Your instructions.
Word for word, restate every record.

[Records from a data collection]
════

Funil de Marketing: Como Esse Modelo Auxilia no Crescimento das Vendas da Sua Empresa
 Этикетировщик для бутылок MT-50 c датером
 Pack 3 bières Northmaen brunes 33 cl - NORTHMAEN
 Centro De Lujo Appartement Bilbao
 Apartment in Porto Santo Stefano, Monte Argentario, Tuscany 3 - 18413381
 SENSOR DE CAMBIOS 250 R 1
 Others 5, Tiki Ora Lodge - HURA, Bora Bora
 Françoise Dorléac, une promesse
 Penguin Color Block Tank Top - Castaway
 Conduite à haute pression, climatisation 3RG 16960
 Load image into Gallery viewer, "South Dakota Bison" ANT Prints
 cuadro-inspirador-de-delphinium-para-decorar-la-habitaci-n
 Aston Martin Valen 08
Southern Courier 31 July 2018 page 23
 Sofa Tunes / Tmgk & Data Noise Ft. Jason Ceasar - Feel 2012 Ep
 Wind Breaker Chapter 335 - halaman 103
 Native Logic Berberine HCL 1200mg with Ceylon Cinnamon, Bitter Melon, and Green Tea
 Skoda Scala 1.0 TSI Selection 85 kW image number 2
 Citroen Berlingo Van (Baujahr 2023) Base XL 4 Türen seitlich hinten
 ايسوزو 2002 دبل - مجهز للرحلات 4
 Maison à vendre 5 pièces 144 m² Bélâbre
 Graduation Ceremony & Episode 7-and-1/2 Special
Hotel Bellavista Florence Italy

════

Output for this task.
Funil de Marketing: Como Esse Modelo Auxilia no Crescimento das Vendas da Sua Empresa
 Этикетировщик для бутылок MT-50 c датером
 Pack 3 bières Northmaen brunes 33 cl - NORTHMAEN
 Centro De Lujo Appartement Bilbao
 Apartment in Porto Santo Stefano, Monte Argentario, Tuscany 3 - 18413381
 SENSOR DE CAMBIOS 250 R 1
 Others 5, Tiki Ora Lodge - HURA, Bora Bora
 Françoise Dorléac, une promesse
 Penguin Color Block Tank Top - Castaway
 Conduite à haute pression, climatisation 3RG 16960
 Load image into Gallery viewer, "South Dakota Bison" ANT Prints
 cuadro-inspirador-de-delphinium-para-decorar-la-habitaci-n
 Aston Martin Valen 08
Southern Courier 31 July 2018 page 23
 Sofa Tunes / Tmgk & Data Noise Ft. Jason Ceasar - Feel 2012 Ep
 Wind Breaker Chapter 335 - halaman 103
 Native Logic Berberine HCL 1200mg with Ceylon Cinnamon, Bitter Melon, and Green Tea
 Skoda Scala 1.0 TSI Selection 85 kW image number 2
 Citroen Berlingo Van (Baujahr 2023) Base XL 4 Türen seitlich hinten
 ايسوزو 2002 دبل - مجهز للرحلات 4
 Maison à vendre 5 pièces 144 m² Bélâbre
 Graduation Ceremony & Episode 7-and-1/2 Special
Hotel Bellavista Florence Italy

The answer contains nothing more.